God’s choice to ration His salvific grace to only the unconditionally elect necessarily means that the lack of faith and resistance to the gospel by the non-elect is as equally and inviolably a predetermined free act as is the predetermined free exercise of faith of the unconditionally elect. Therefore, the offer of salvation to some and the withholding from the incalculable majority were predetermined by God’s good pleasure; thereby, making the gospel the most unfathomably and ghoulishly macabre news for the great majority of God’s humanity.
Therefore, if a person believes the Scripture teaches the following, he cannot be a Calvinist: the gospel is good news for everyone and not merely some who hear the words “whosever” or “who wishes take the water of life without cost;” God has grace enabled all who hear the good news to receive His forgiveness by faith in the gospel. These truths are embraced by other biblical approaches but not in Calvinism.
5. Perseverance of the Saints: This includes both preservation by God and perseverance by the saints. The Westminster Confession says, with regard to the truly elect, they “can neither totally nor finally fall away from the state of Grace.” ((Westminster Confession 17. 1.)) J.P. Boyce notes in his Abstract of Systematic Theology, “It is not merely preservation by God, but also perseverance of the believer, in faith and holiness, unto the end.” ((James Petigru Boyce, Abstract of Systematic Theology, (reprinted by the den Dulk Christian Foundation, Escondido, CA, 1887), 431-432.)) Within Calvinism, God’s preservation of the truly elect is standard, while there is variation in understanding of how eternal security, internal and external assurances, and warning passages of the Scripture relate to knowing one is elect in this life.

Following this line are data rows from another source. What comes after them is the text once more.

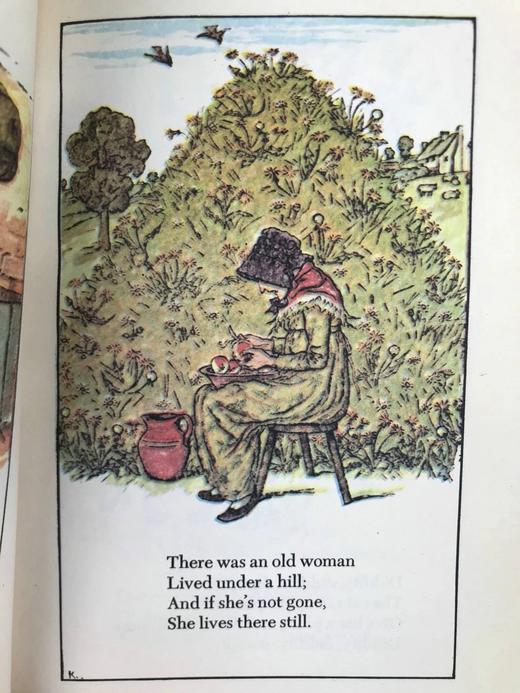 约20世纪晚期  鹅妈妈童谣 凯特·格林纳威49幅彩色插图 精装32开 商品图8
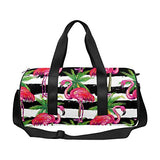 INTERESTPRINT Tropical Flamingo and Palm Tre Travel Duffel Bag, Waterproof Bag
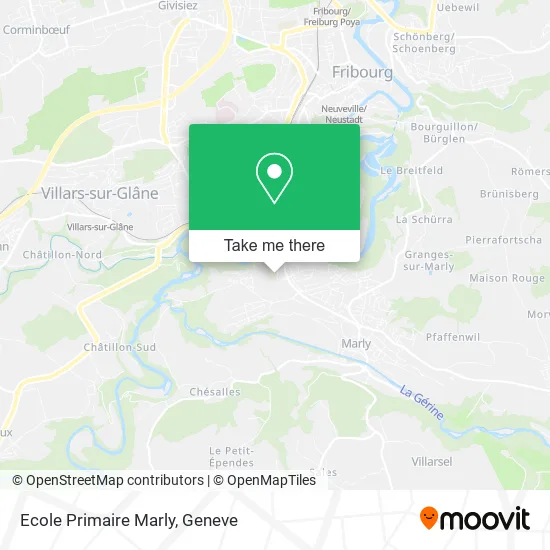 Ecole Primaire Marly map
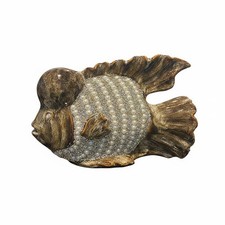 Perlenfischfigur Kreatives Design Keramikfisch Geschenkidee f&uuml;r Wohnzimmer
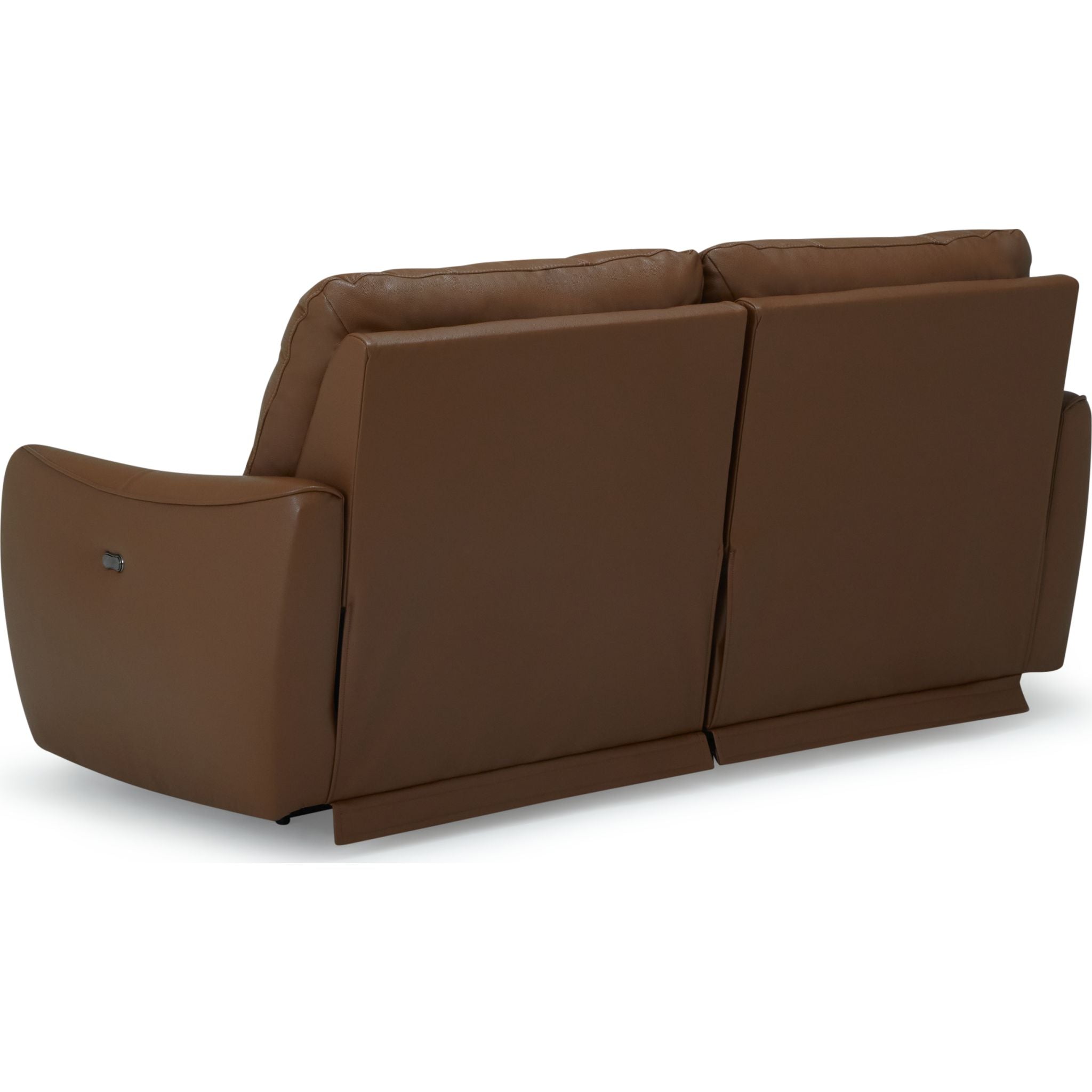 Arlo Power Reclining Sofa - 3-Seater Leather Sectional Couch with USB Charging Ports, Valencia Biscotti Color - Perfect for Living Room, Home Theater & Family Gatherings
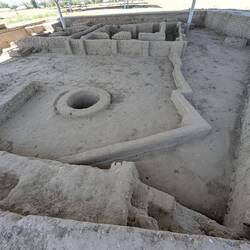 Archaeological digs at Sarazm - fire temple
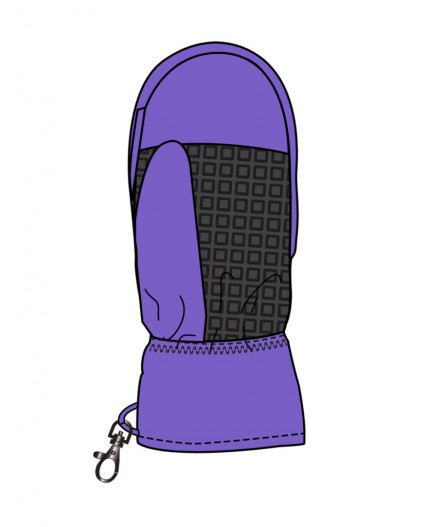 Варежки текстильные для девочек сиреневый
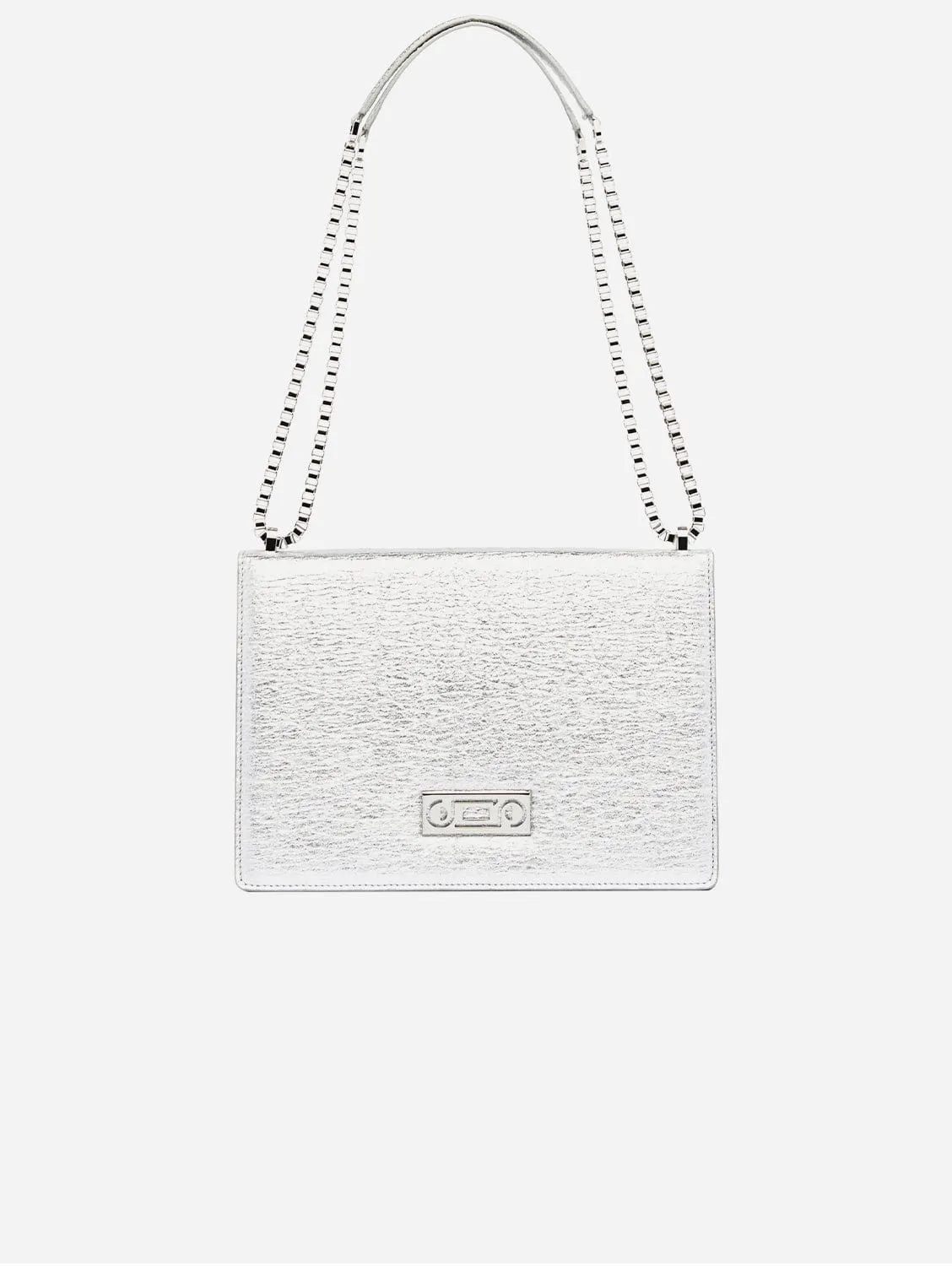 The Cristiana Pinatex® Vegan Shoulder Bag | Silver Metallic
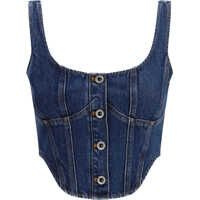 Topuri Denim corset Top Femei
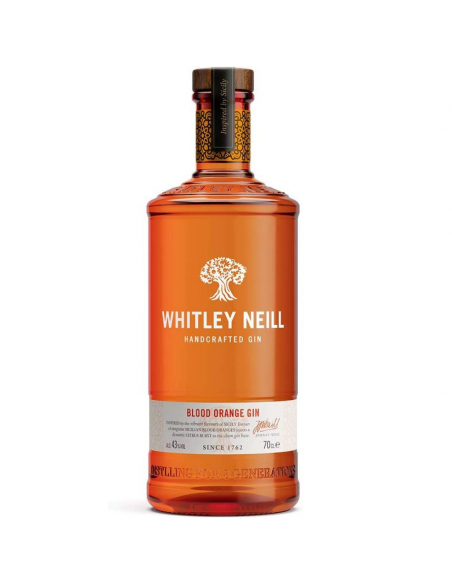 Gin Whitley Neill Blood Orange, 43% alc., 0.7L, Anglia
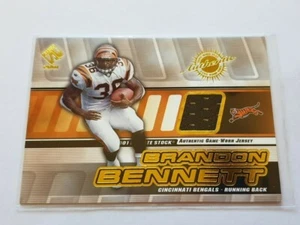 Tarjeta camiseta Pacific Private Stock 2001 de Brandon Bennett. Cincinnati Bengals - Imagen 1 de 1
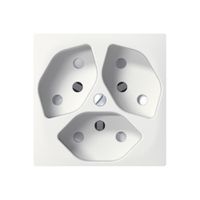 Frontplatte SIDUS weiss zu 3×T13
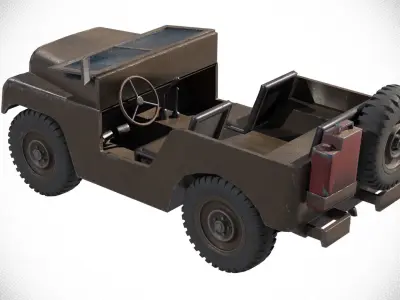 Jeep Willys  Free low-poly 3D model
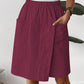 💥2026 Hot Sale🌟Women's Casual Elastic Waist Wrap Skort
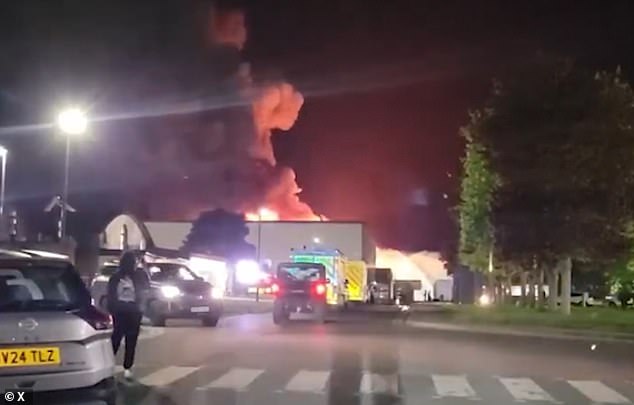 Massive Fire Erupts at RAF Fairford, Prompting Evacuation Warnings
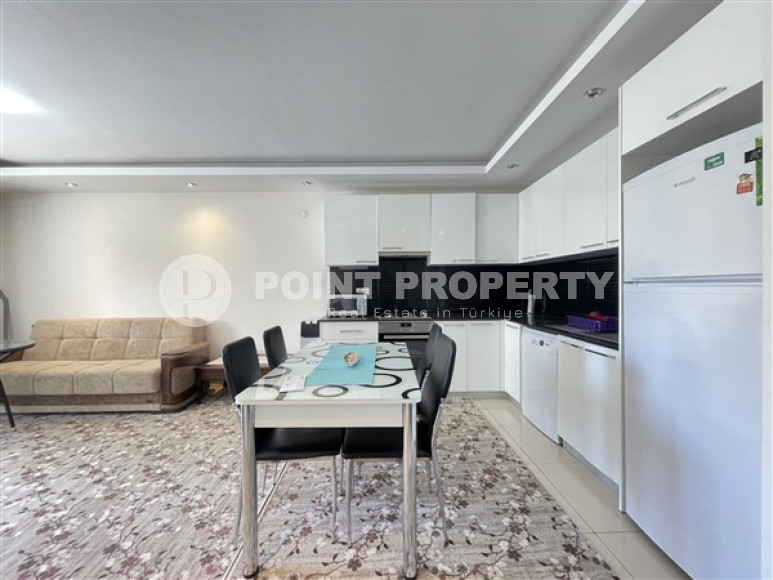 Элегантная двухкомнатная квартира 1+1 с бассейнами и аквапарком, район Джикджилли-id-4207-фото-3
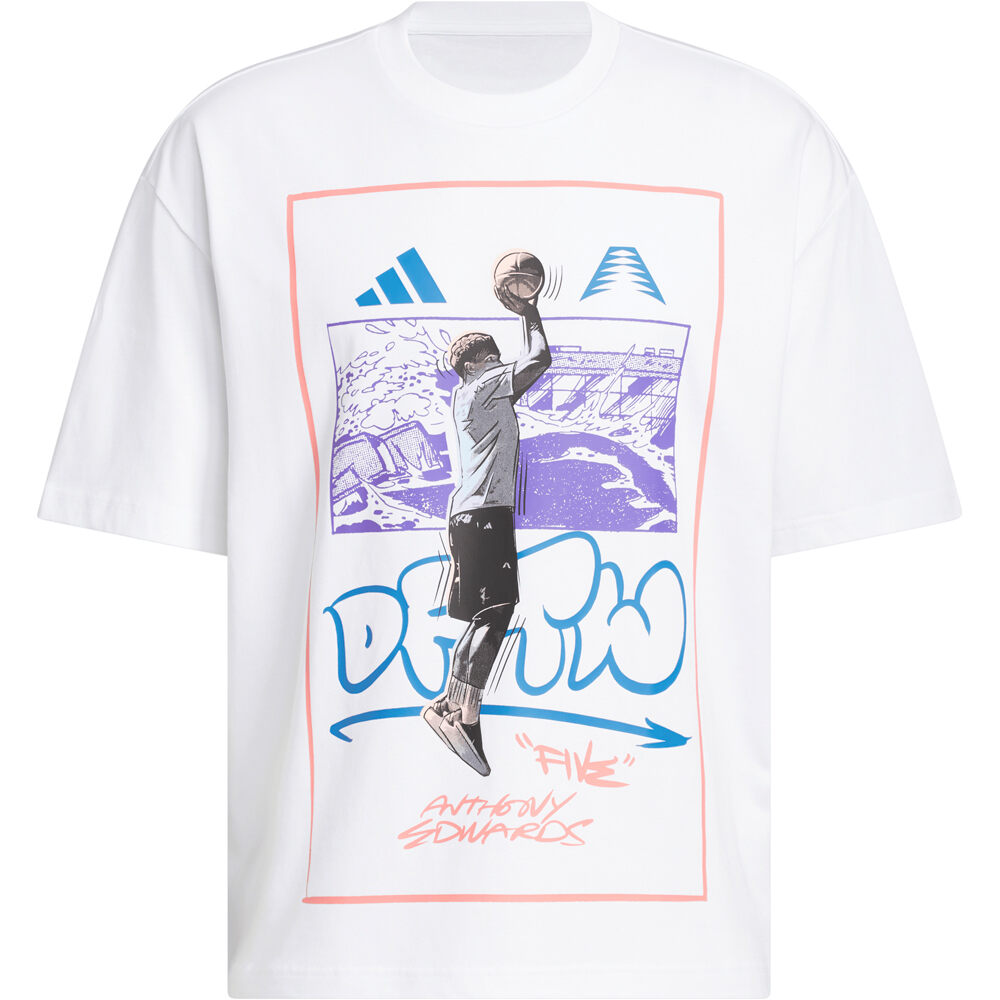 adidas camiseta baloncesto ANTHONY EDWARDS DFTW ANIME vista detalle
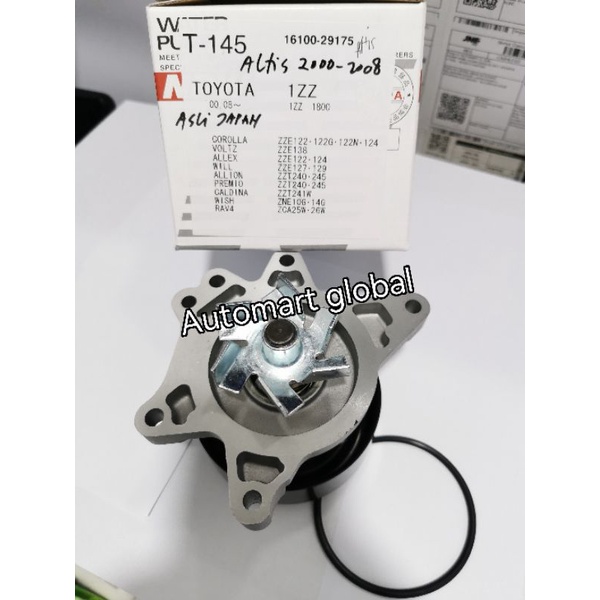 water pump pompa air corolla altis 1zz fe npw japan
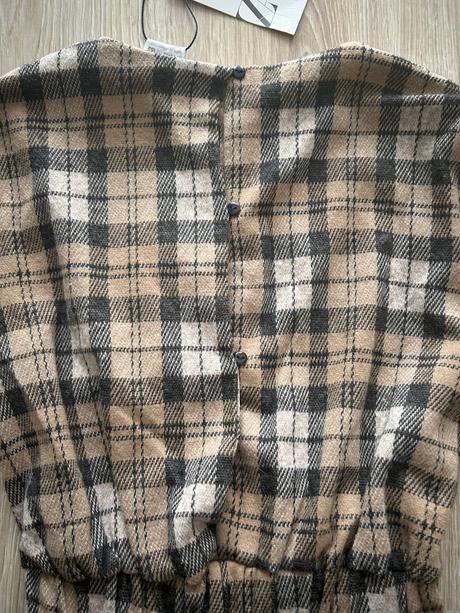 Krásny kockovaný overal značky zara,nový s visačko, zara,152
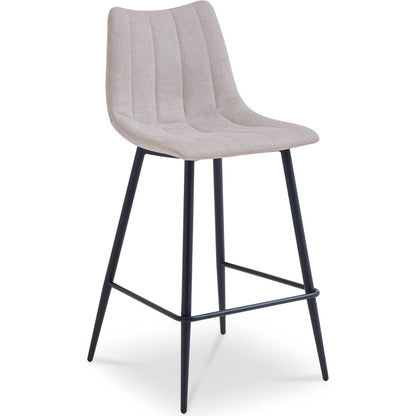 Alibi Bar Stool (Set of 2) by Moe's Home Collection. Made from 95% polyester, 5% nylon, metal legs, foam, plywood in a transitional style.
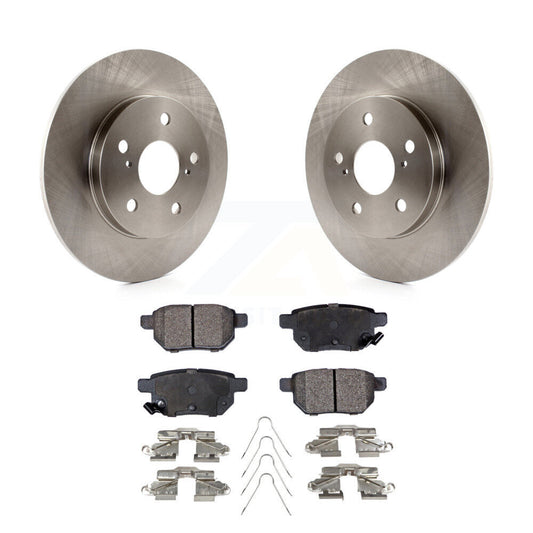 Brake Rotor Ceramic Pad Rear Kit For Toyota Matrix Pontiac Vibe Corolla iM Scion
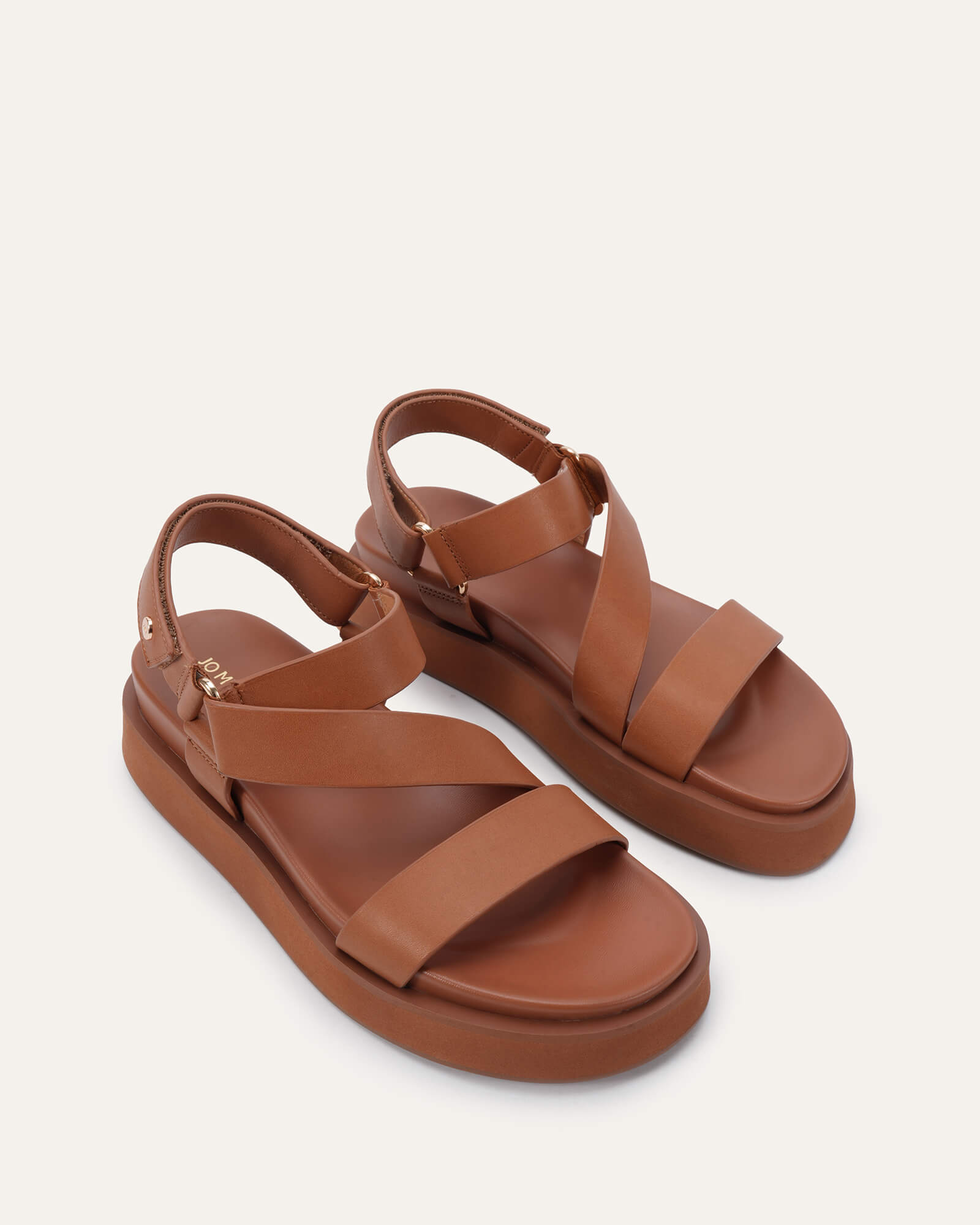 MIRANDA FLAT SANDALS TUSCAN TAN LEATHER image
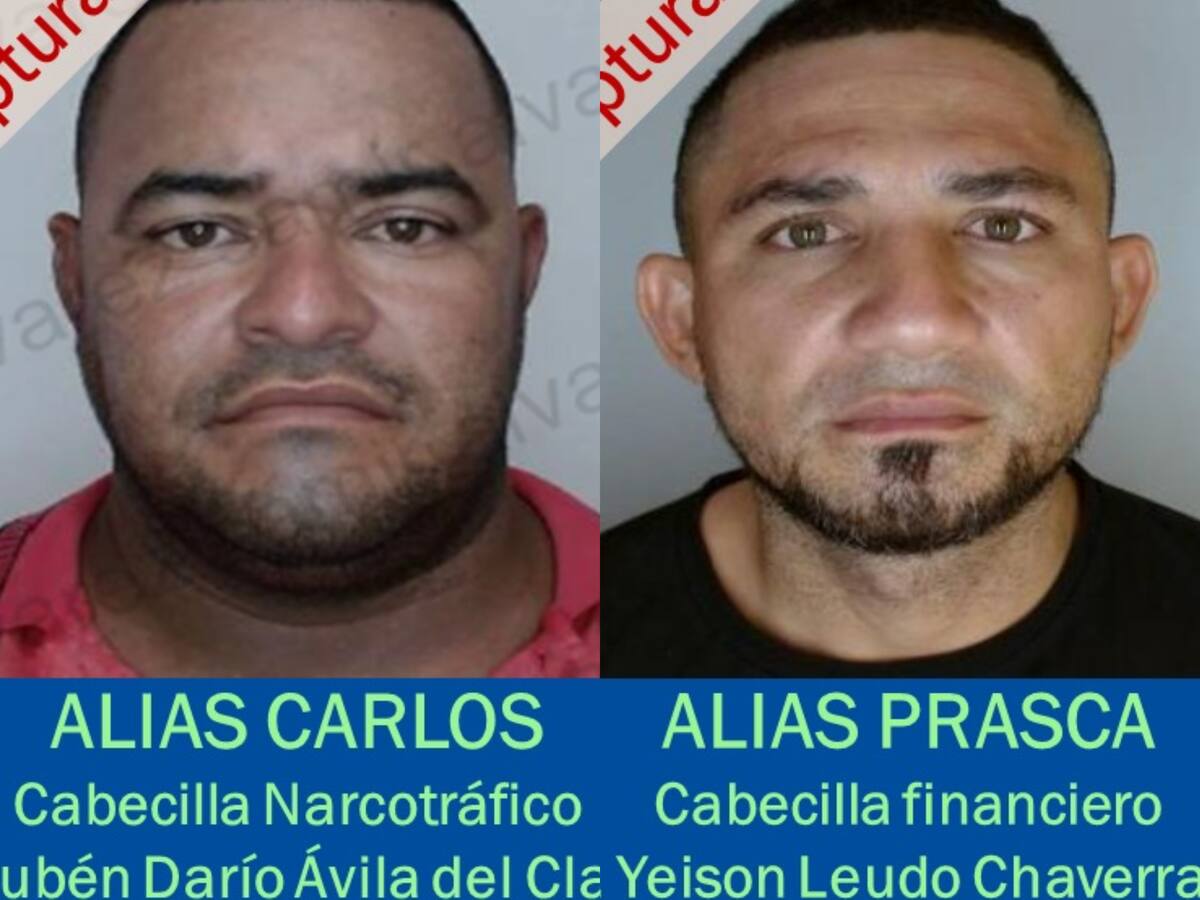 Golpe al ‘Clan del Golfo’: capturados 38 presuntos integrantes de esa organización criminal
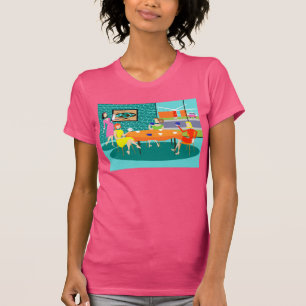 T-Shirt Retro Weekly pour la carte féminine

This petal is not a simple affirmation of the eternal security of the believer. Since there does seem to be such acceptable variance in defining perseverance of the saints as long as one does not question the security of the truly elect, this point does not seem to be as biblically problematic as the other four petals–a point with which some disagree.
Therefore, if a person believes the Scripture teaches the following, he cannot be a Calvinist: anyone who hears the gospel can accept the gospel by faith and thereby become eternally secure in the safe-keeping of God; those so saved do demonstrate evidence of such. As well as believing the Scripture does not teach the other calvinistically defined petals of the tulip. These truths are embraced in other biblical approaches but not in Calvinism.